Eén van je hobby’s: boeken schrijven! Is het zo dat er in je boeken heel wat van je eigen leven verwerkt wordt?
Mijn voornaamste hobby is vooral mensen ontmoeten, mensen bezoeken, mensen ontvangen. De ontmoeting hoeft niet altijd lang te zijn bijvoorbeeld een praatje slaan na de eucharistie kan van onschatbare waarde zijn. Behalve die korte ontmoetingen bouw ik ook aan langdurige vriendschappen zoals ik ook een grote verbondenheid heb met mijn familie. In mijn boeken (vooral de romans) schrijf ik zonder namen te noemen over de essentie, de bekommernis, de achtergrond en zo meer van mensen. Zo komen de figuren tot stand in realistische belevenissen van elke dag.
Hoe kom je op een idee om een roman te schrijven?
Vaak krijg ik plotseling een idee en dan gaat het vlot. Enkele keren per maand schrijf ik 3 à 4 uren en daaruit ontstaat er ongeveer één boek op een jaar tijd. Ik ga daar ook niet in overdrijven en het moet een blij en voldoeninggevend gebeuren zijn.
Is dit je enige vorm van vrijetijdbesteding ?
Neen helemaal niet, ook rusten, sporten, bezinnen, reizen en mensen bezoeken vragen heel wat vrije tijd.
Hoe zie je het dekenaat in de toekomst?
Dat hangt zeker af van de evolutie binnen de christelijke gemeenschap. Als er in het weekend enkel eucharistievieringen mogen doorgaan in onze parochiekerken zoals door het bisdom Gent gevraagd wordt, dan zullen er vanaf 2020 hoogstwaarschijnlijk nog maar één, twee of drie kerken per dekenaat over blijven waar er wekelijks eucharistievieringen doorgaan. Als er gebedsvieringen zullen mogen doorgaan dan kunnen er misschien nog kerken niet alleen voor dopen, huwelijken en uitvaarten maar ook voor zondagsvieringen open blijven. Door het dalend aantal priesters en diakens, waarvan de meerderheid al bejaard is, zullen leken wellicht meer verantwoordelijkheid mogen en moeten nemen.

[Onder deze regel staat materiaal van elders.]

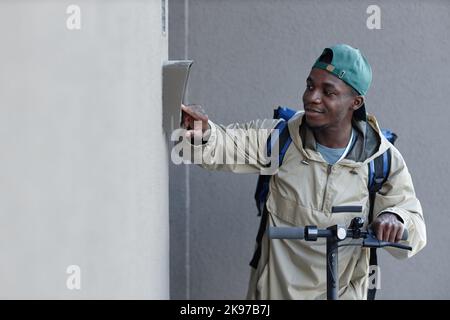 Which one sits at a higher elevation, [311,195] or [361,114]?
[361,114]

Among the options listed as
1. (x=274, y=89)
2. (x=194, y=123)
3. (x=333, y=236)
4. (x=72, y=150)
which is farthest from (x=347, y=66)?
(x=72, y=150)

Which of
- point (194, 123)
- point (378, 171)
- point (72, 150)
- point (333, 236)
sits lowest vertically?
point (333, 236)

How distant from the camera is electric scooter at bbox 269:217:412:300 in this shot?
299 centimetres

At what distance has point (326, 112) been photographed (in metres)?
3.53

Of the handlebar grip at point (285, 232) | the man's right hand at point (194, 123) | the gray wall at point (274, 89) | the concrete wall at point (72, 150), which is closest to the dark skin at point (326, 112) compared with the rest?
the man's right hand at point (194, 123)

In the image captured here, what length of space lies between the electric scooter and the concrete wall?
56cm

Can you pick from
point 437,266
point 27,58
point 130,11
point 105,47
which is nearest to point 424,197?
point 437,266

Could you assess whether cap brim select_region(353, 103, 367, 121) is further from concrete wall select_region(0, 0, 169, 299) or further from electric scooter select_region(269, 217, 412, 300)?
concrete wall select_region(0, 0, 169, 299)

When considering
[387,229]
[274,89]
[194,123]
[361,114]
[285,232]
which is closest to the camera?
[285,232]

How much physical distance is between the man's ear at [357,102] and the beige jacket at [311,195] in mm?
80

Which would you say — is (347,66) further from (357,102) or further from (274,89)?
(274,89)

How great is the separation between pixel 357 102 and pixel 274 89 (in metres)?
1.25

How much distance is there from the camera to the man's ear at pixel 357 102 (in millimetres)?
3617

Hoe sta je tegenover Paus Franciscus?
Onze paus is een verademing, een hoopgevend iemand voor de katholieke geloofsgemeenschap. Hij is zeker charismatisch en beleeft het evangelie op een aansprekende wijze waardoor hij er een hoopgevende vertaling van geeft. Tegelijk is hij een bekwame organisator en weet hij de kerk in een goed daglicht te brengen. Hier kunnen we alleen maar dankbaar voor zijn.
in audiëntie bij Paus Franciscus op 16 februari 2015
Nog veel te vertellen
Ondanks het nodige oponthoud, veroorzaakt door de drukte aan de deur in de dekenij, was het gesprek zeer aangenaam en probeer ik de inhoud van het gesprek weer te geven. Er is nog veel meer te vertellen. We mogen ons als mensen van het dekenaat Zele-Berlare gelukkig prijzen met deken Jan. We hebben niet alleen een Z.E.H. Jan Van Raemdonck maar ook een warm(e) deken.
Dankjewel en tot een volgende maal! Er zijn zeker nog andere onderwerpen die we graag willen aansnijden.